What you will do =
Extract the line that contains "野山菌土鸡米线-云味馆·云南菜·云南米线(景田店)" and every line after it through the end of the records below, exactly as written, leaving out any pictures.

[Captioned web image data]
::::
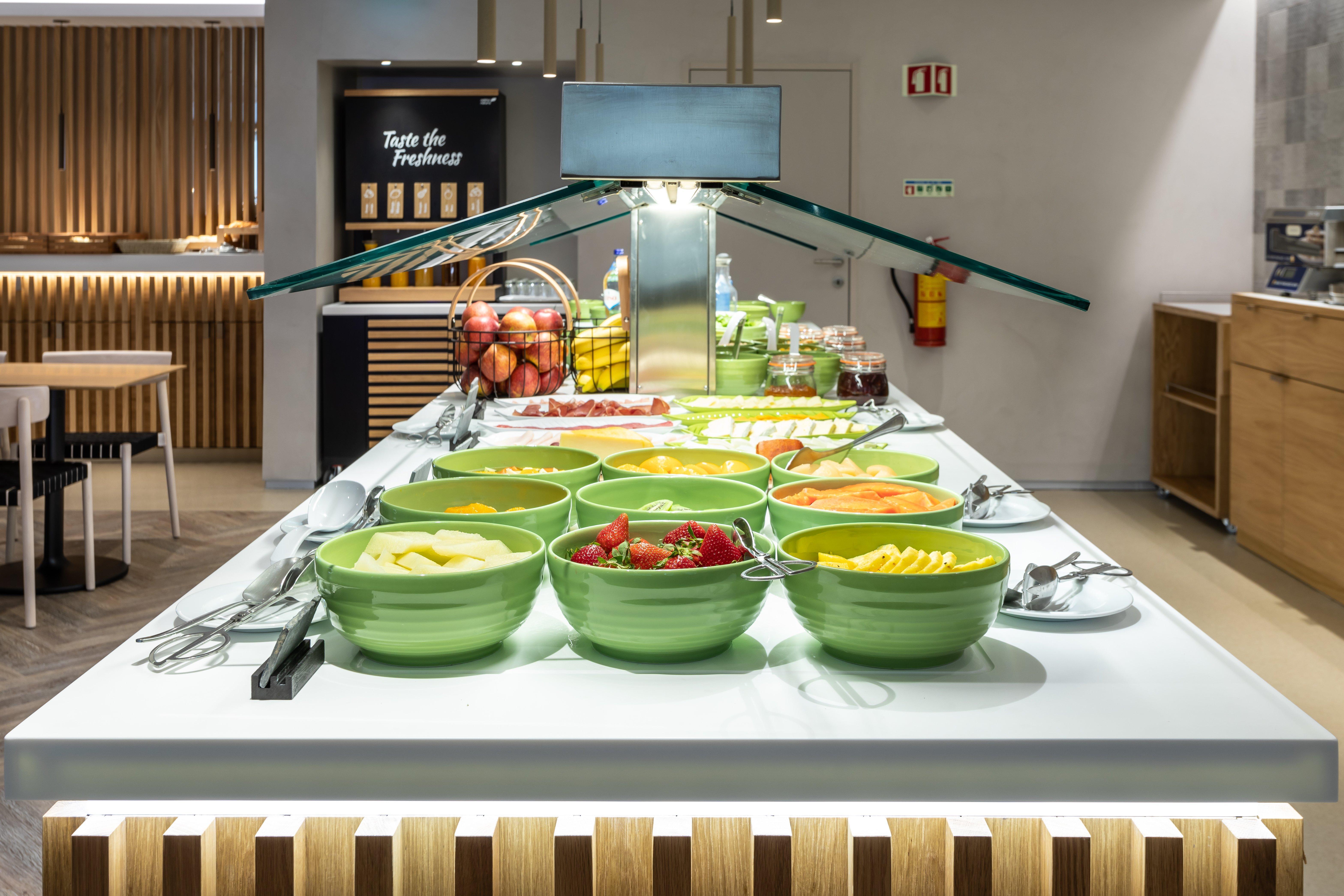 Holiday Inn Lisbon By Ihg Bagian luar foto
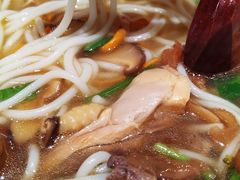 野山菌土鸡米线-云味馆·云南菜·云南米线(景田店)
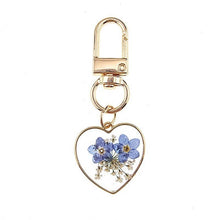 BAG CHARM Key Chain PRESSED DRIED FLOWER HEART ROUND | 40KC163: HEART PINK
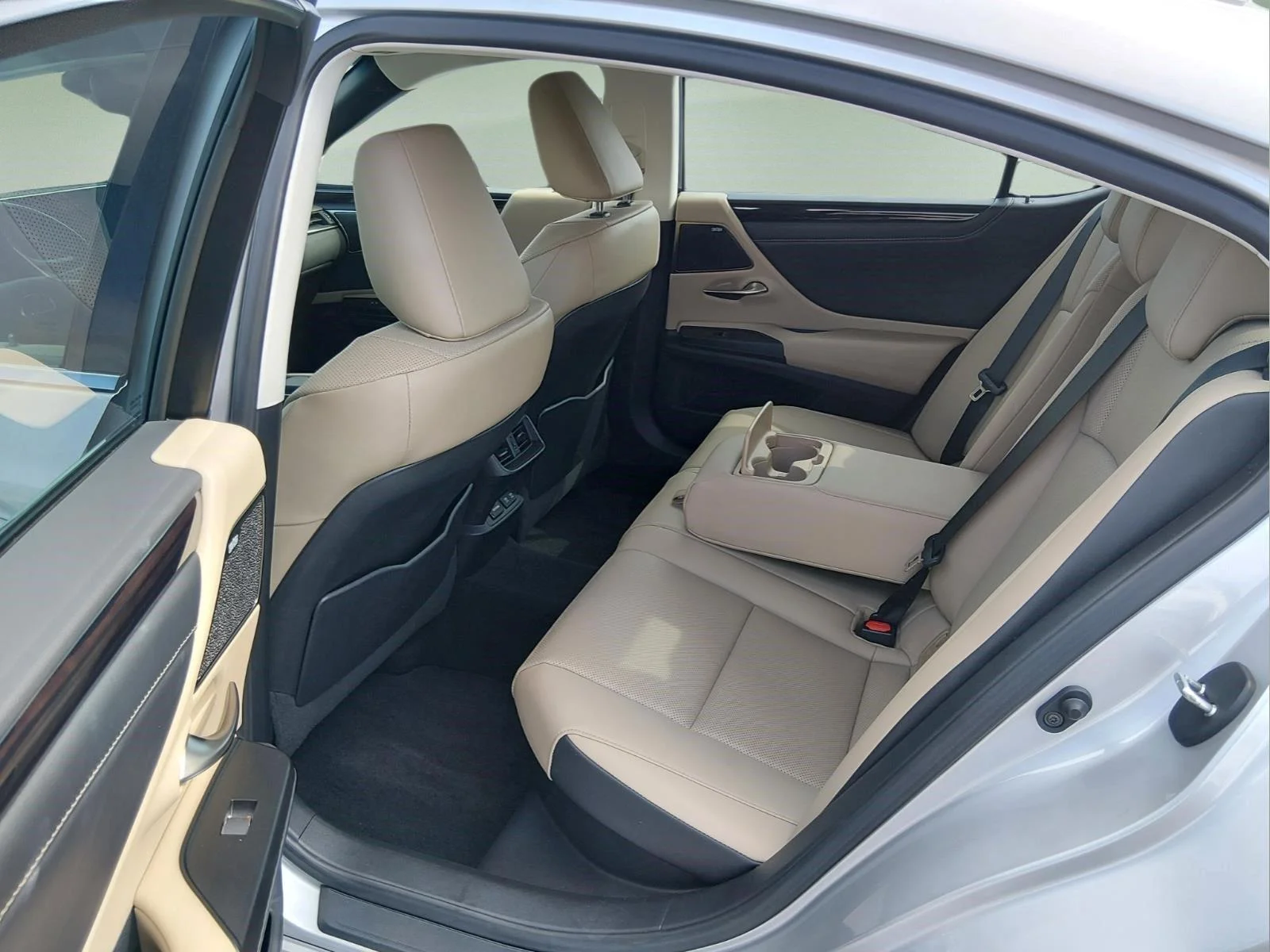 Used 2021 Silver Lining Metallic Lexus ES 300h image 20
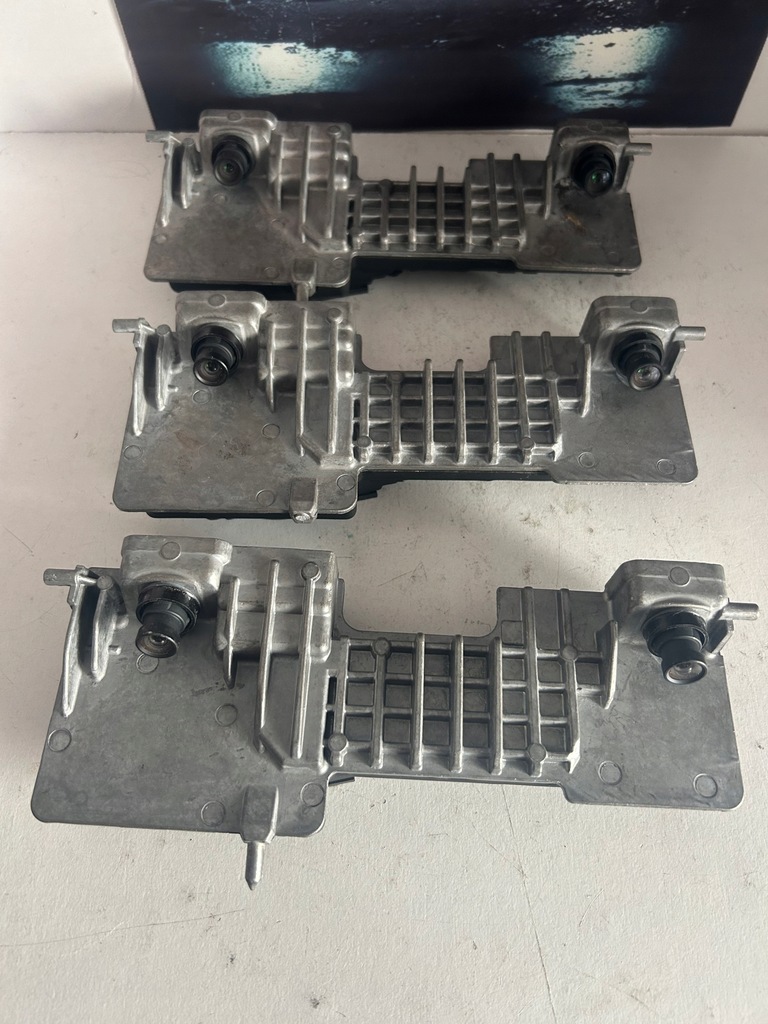 фото №1, Mercedes s klasa w223 ассистент поперечина камера a2239006128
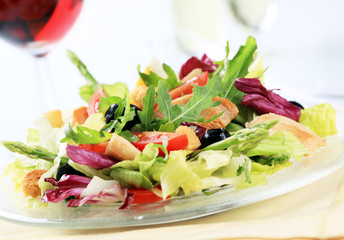 Canvas Print - Chicken and vegetable salad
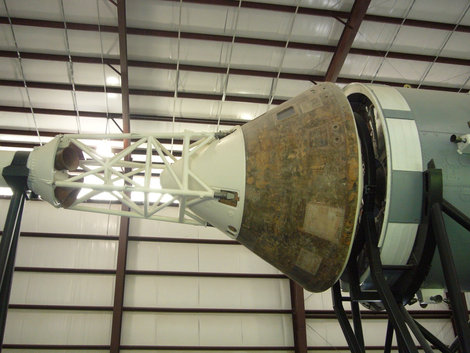 фото Спускаемый аппарат лунного корабляАполлон Хьюстон, CША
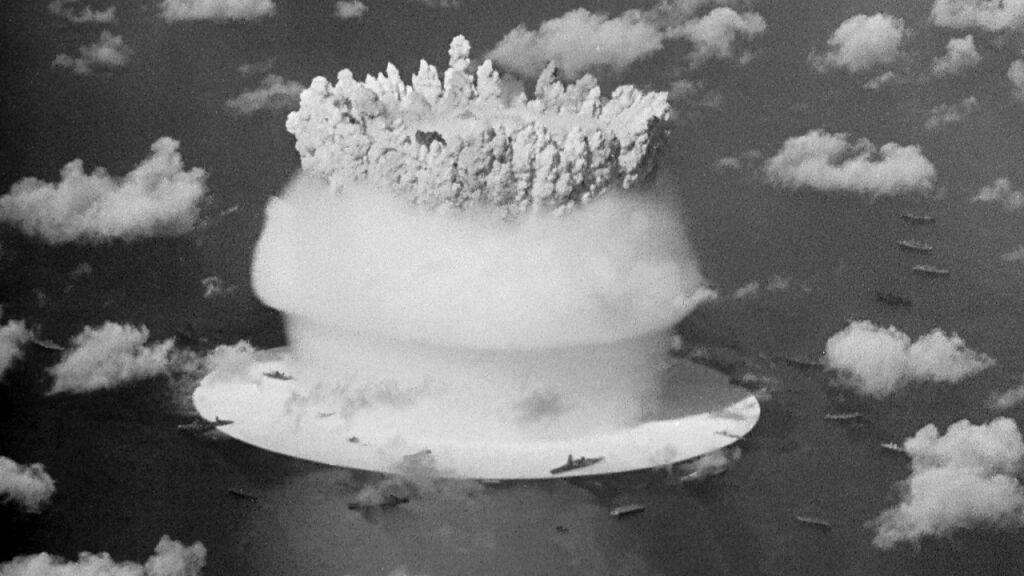 Filmstill aus «Cossroads» von Bruce Conner (1976): Schön und apokalyptisch - Atombombenversuch beim Bikini-Atoll.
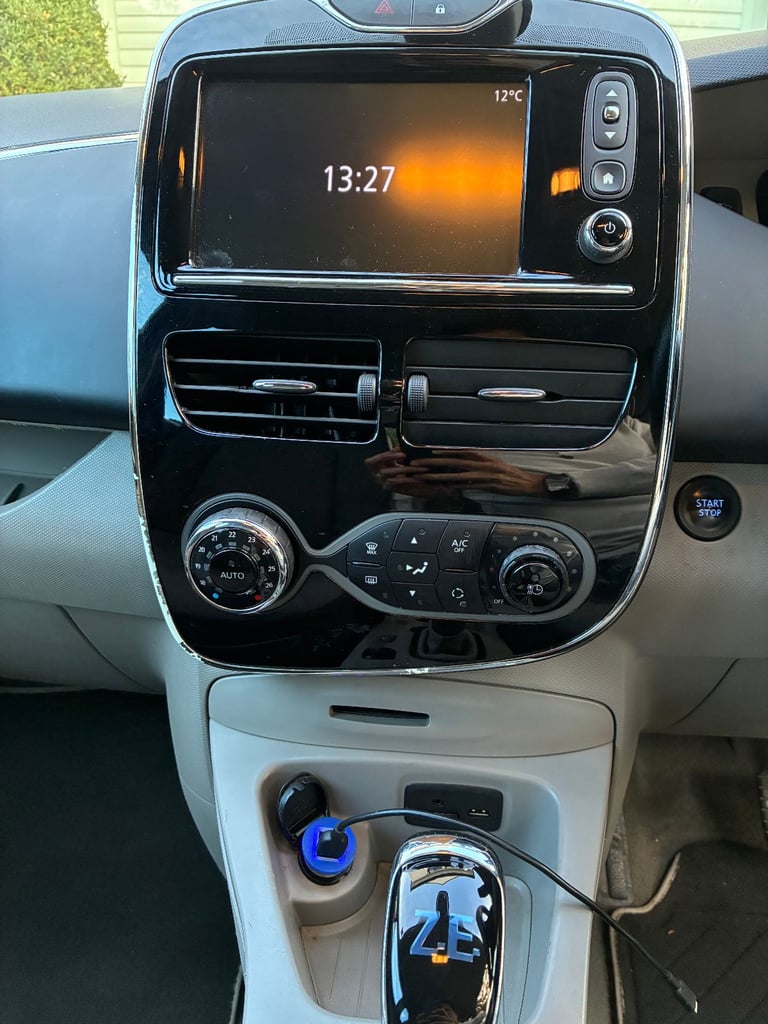 Renault, ZOE, Hatchback, 2015, Other, 1 (cc), 5 doors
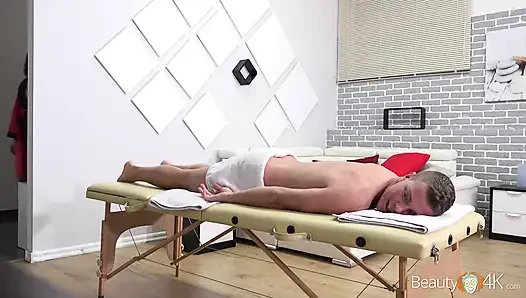 Ateşli bir masaj salonu kızla seks maceram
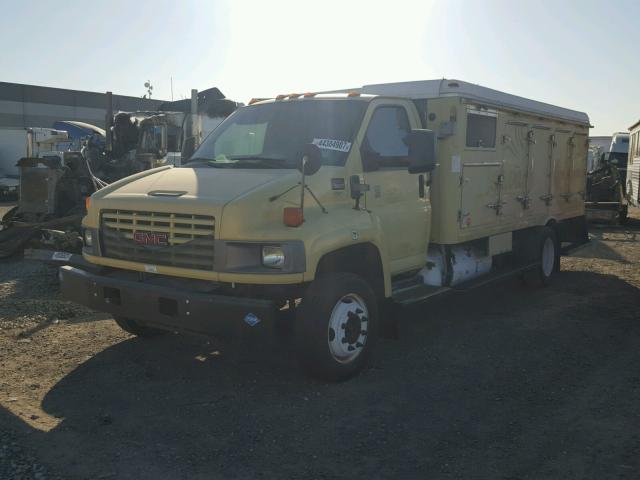 1GDJ5C1G76F900558 - 2006 GMC C5500 YELLOW photo 2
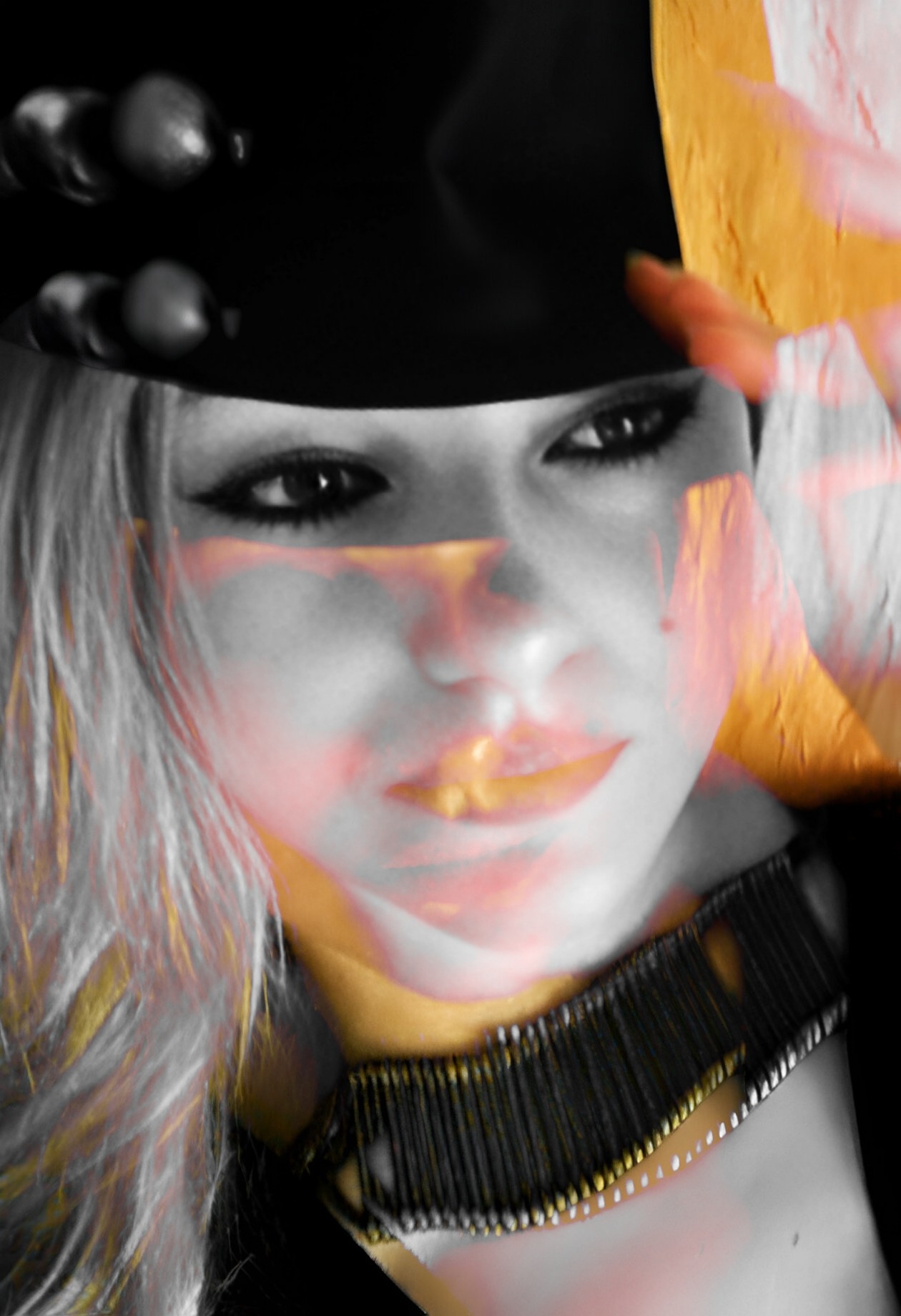 Romi, Hats, Gloves 11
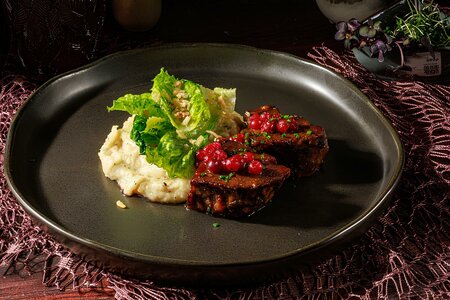 Карамелизированные телячьи щёчки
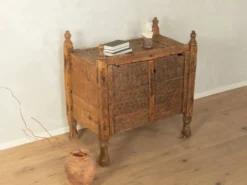 Coffre de mariée antique de la vallée de Swat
::::
Exercise output =
 野山菌土鸡米线-云味馆·云南菜·云南米线(景田店)
 BAG CHARM Key Chain PRESSED DRIED FLOWER HEART ROUND | 40KC163: HEART PINK
 Used 2021 Silver Lining Metallic Lexus ES 300h image 20
 фото №1, Mercedes s klasa w223 ассистент поперечина камера a2239006128
 Canvas Print - Chicken and vegetable salad
 фото Спускаемый аппарат лунного корабляАполлон Хьюстон, CША
 Filmstill aus «Cossroads» von Bruce Conner (1976): Schön und apokalyptisch - Atombombenversuch beim Bikini-Atoll.
 Renault, ZOE, Hatchback, 2015, Other, 1 (cc), 5 doors
 Ateşli bir masaj salonu kızla seks maceram
 1GDJ5C1G76F900558 - 2006 GMC C5500 YELLOW photo 2
 Romi, Hats, Gloves 11
 Карамелизированные телячьи щёчки
 Coffre de mariée antique de la vallée de Swat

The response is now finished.